**WHAT TO WORK ON:** The answer is every record that follows, printed exactly.
[INPUT FOR THIS TASK Boundary: Start]
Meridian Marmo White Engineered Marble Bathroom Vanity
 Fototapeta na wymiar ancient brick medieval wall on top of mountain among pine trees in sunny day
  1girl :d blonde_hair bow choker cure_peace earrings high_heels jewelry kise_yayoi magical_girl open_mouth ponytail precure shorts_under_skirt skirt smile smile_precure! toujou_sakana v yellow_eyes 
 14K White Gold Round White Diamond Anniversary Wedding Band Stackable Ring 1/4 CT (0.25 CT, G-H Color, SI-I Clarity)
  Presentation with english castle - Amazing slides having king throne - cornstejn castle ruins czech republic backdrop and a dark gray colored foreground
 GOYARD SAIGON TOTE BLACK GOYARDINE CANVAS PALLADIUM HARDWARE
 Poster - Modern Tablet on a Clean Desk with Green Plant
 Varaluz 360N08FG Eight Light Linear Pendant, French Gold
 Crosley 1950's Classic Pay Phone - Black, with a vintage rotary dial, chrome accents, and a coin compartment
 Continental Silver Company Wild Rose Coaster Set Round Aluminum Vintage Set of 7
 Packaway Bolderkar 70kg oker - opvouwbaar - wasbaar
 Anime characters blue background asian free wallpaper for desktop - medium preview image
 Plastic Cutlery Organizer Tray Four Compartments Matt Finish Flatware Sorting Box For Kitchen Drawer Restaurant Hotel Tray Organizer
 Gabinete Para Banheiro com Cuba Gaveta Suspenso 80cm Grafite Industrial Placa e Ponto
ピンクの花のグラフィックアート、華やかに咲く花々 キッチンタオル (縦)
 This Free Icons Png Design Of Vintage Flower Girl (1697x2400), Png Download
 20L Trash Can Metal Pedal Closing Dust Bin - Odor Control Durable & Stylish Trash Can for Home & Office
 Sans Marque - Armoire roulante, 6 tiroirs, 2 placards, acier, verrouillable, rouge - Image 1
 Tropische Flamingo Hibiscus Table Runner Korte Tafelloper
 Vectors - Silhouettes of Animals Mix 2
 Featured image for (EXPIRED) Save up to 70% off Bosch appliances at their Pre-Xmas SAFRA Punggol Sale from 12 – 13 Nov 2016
[INPUT FOR THIS TASK Boundary: End]
**RESPONSE AREA:**
Meridian Marmo White Engineered Marble Bathroom Vanity
 Fototapeta na wymiar ancient brick medieval wall on top of mountain among pine trees in sunny day
  1girl :d blonde_hair bow choker cure_peace earrings high_heels jewelry kise_yayoi magical_girl open_mouth ponytail precure shorts_under_skirt skirt smile smile_precure! toujou_sakana v yellow_eyes 
 14K White Gold Round White Diamond Anniversary Wedding Band Stackable Ring 1/4 CT (0.25 CT, G-H Color, SI-I Clarity)
  Presentation with english castle - Amazing slides having king throne - cornstejn castle ruins czech republic backdrop and a dark gray colored foreground
 GOYARD SAIGON TOTE BLACK GOYARDINE CANVAS PALLADIUM HARDWARE
 Poster - Modern Tablet on a Clean Desk with Green Plant
 Varaluz 360N08FG Eight Light Linear Pendant, French Gold
 Crosley 1950's Classic Pay Phone - Black, with a vintage rotary dial, chrome accents, and a coin compartment
 Continental Silver Company Wild Rose Coaster Set Round Aluminum Vintage Set of 7
 Packaway Bolderkar 70kg oker - opvouwbaar - wasbaar
 Anime characters blue background asian free wallpaper for desktop - medium preview image
 Plastic Cutlery Organizer Tray Four Compartments Matt Finish Flatware Sorting Box For Kitchen Drawer Restaurant Hotel Tray Organizer
 Gabinete Para Banheiro com Cuba Gaveta Suspenso 80cm Grafite Industrial Placa e Ponto
ピンクの花のグラフィックアート、華やかに咲く花々 キッチンタオル (縦)
 This Free Icons Png Design Of Vintage Flower Girl (1697x2400), Png Download
 20L Trash Can Metal Pedal Closing Dust Bin - Odor Control Durable & Stylish Trash Can for Home & Office
 Sans Marque - Armoire roulante, 6 tiroirs, 2 placards, acier, verrouillable, rouge - Image 1
 Tropische Flamingo Hibiscus Table Runner Korte Tafelloper
 Vectors - Silhouettes of Animals Mix 2
 Featured image for (EXPIRED) Save up to 70% off Bosch appliances at their Pre-Xmas SAFRA Punggol Sale from 12 – 13 Nov 2016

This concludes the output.